WONG KAR-WAI ÜBER »MY BLUEBERRY NIGHTS«

Andere Liebe

Über kulturelle Unterschiede in Gefühlsdingen


Die Kritik zum Film

Mr. Wong, dies ist ihr erster amerikanischer Film...

Für mich ist My Blueberry Nights eher ein Hongkong-Film, den ich in den USA gedreht habe. Was verbindet Sie mit den USA?

Ich bin in Hongkong aufgewachsen und habe den Großteil meiner Kindheit im Kino verbracht. Hongkong war eine britische Kolonie und wir konnten dort sehr viele amerikanische Filme sehen. Wenn ich heute durch die USA reise, ist das für mich auch immer eine cineastische Erfahrung.
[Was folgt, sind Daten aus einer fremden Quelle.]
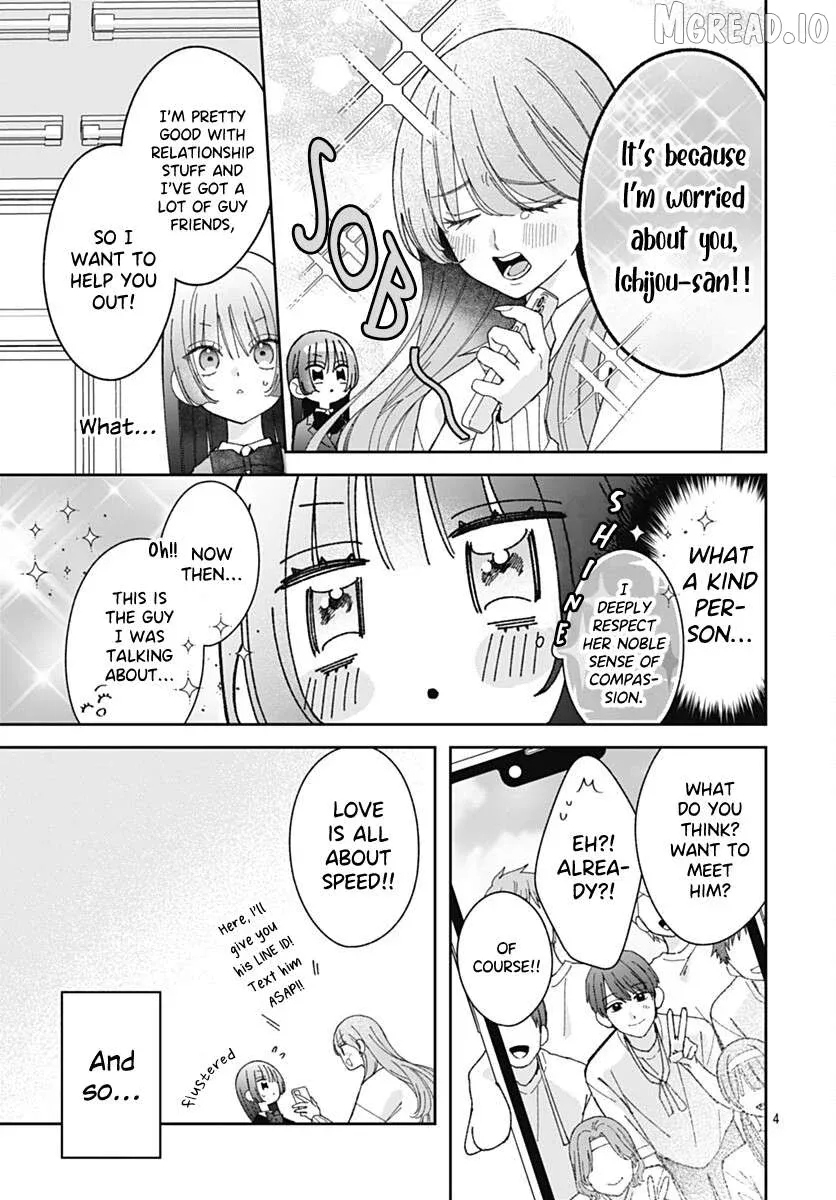 Ichijo Hana Itoguchi Wa Koi Oshiranai Chapter 5 page 4 -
In New York oder Memphis sehe ich stets Bilder und Kameraeinstellungen, die ich aus Kinofilmen kenne. Dieser Film gab mir die Chance der amerikanischen Kultur meinen Tribut zu zollen. Nicht nur dem Kino, sondern auch der Literatur und der Kunst. New York, Memphis, Las Vegas - was symbolisieren für Sie diese drei Städte?

Die drei Städte sollten in erster Linie die Bandbreite von Elisabeths Reise aufzeigen. Die Südstaaten sind sehr signifikant für die amerikanische Musik und Literatur. Diese Episode erinnert eher an Tennessee Williams. Las Vegas wiederum ist eine Ikone, die für eine ganz andere Seite der USA steht. Wie in einigen Ihrer Hongkong-Produktionen geht es auch in "My Blueberry Nights" um eine gescheiterte Liebe...
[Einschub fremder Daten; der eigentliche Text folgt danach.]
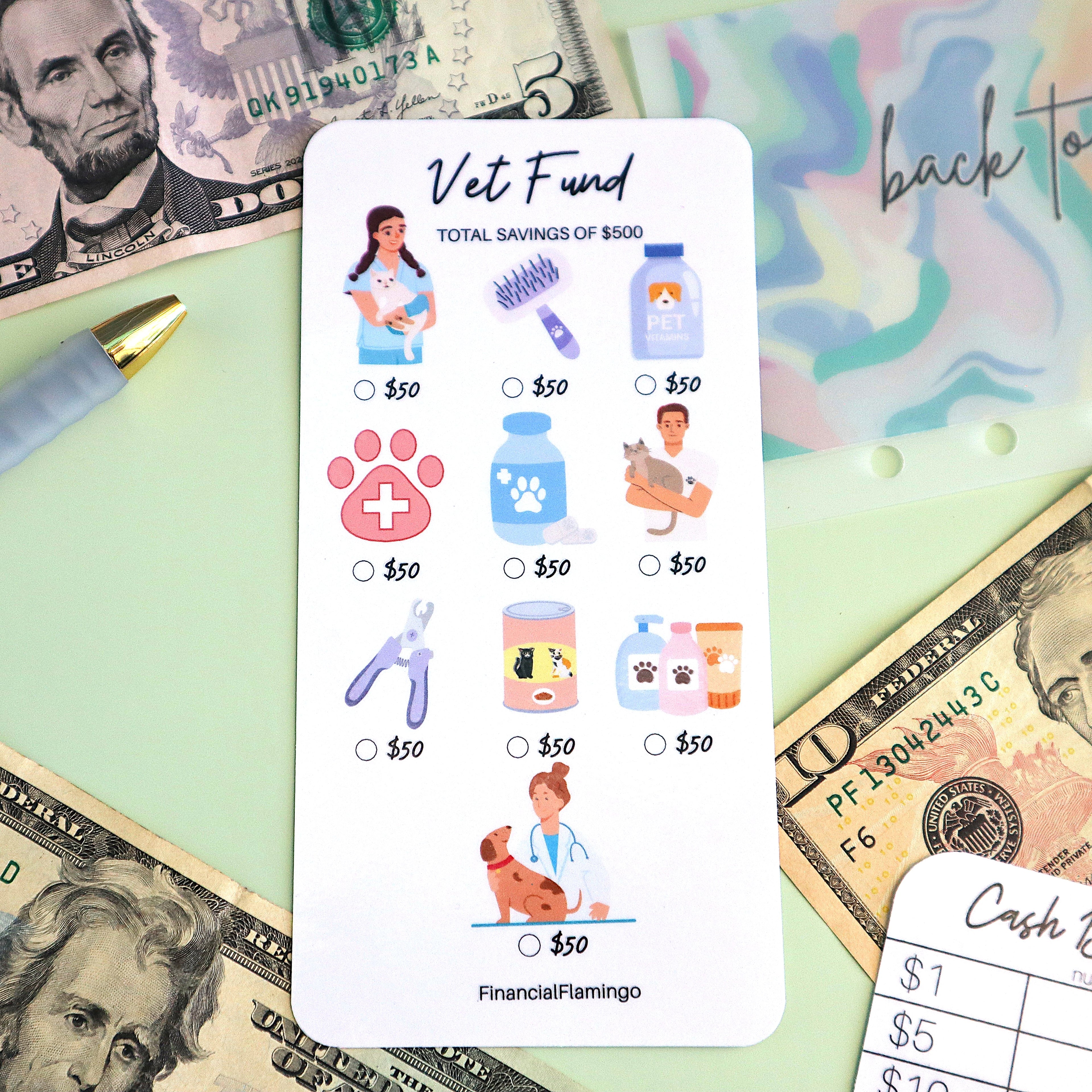 Vet Fund Savings Challenge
Liebe ist nun einmal ein universelles Thema, das von allen Menschen verstanden wird. In My Blueberry Nights geht es weniger um den Verlust der Liebe, als darum, wie man es schafft, einen bestimmten Weg im Leben nicht mehr weiter zu verfolgen. Wenn man merkt, dass einem etwas nicht gut tut, muss man damit aufhören. Aber das ist nicht immer so einfach. Elisabeths Reise hilft ihr eine Person zu vergessen, die ihr sehr wichtig war. Erst dann kann sie weitergehen im Leben. Inwiefern unterscheidet sich der Umgang in Sachen Liebe in der amerikanischen und chinesischen Kultur?

In verschiedenen Kulturen wird Liebe unterschiedlich ausgedrückt. Vor zwanzig Jahren hat in China niemand einfach gesagt "Ich liebe dich." Das wäre eine Art Affront gewesen. Das Gefühl musste nicht direkt ausgesprochen werden. Etwas einfaches wie eine Berührung reichte aus, um es zu zeigen. Im Westen hingegen muss man "Ich liebe dich" sagen, wenn man dieses starke Gefühl empfindet. Wirkt Ihr Film deshalb emotional direkter als frühere Werke?

Ja, sicher. Das ist ein Film über Amerikaner und sie sollen sich so benehmen, wie sie es normalerweise tun. Ich habe so viele Filme über China von westlichen Filmemachern gesehen, die für uns Chinesen sehr bizarr wirkten. Diesen Fehler wollte ich in umgekehrter Richtung nicht wiederholen. Der Film endet mit einem vielversprechenden Kuss - ein Happy End wie man es von Ihnen nicht gewohnt ist.

Ich finde, dass die meisten meiner Filme optimistisch enden. Das Ende von My Blueberry Nights zeigt, dass es zwischen den beiden Figuren die Möglichkeit einer Entwicklung gibt. Der Schluss des Films ist der Anfang einer anderen Geschichte. Und die Geschichte nach dem Kuss kann gut oder schlecht enden. Was macht eine gute Kuss-Szene aus?

Hitchcock hat gesagt, entweder hat eine Szene Suspense oder sie ist eine Überraschung. Das gilt auch für Filmküsse.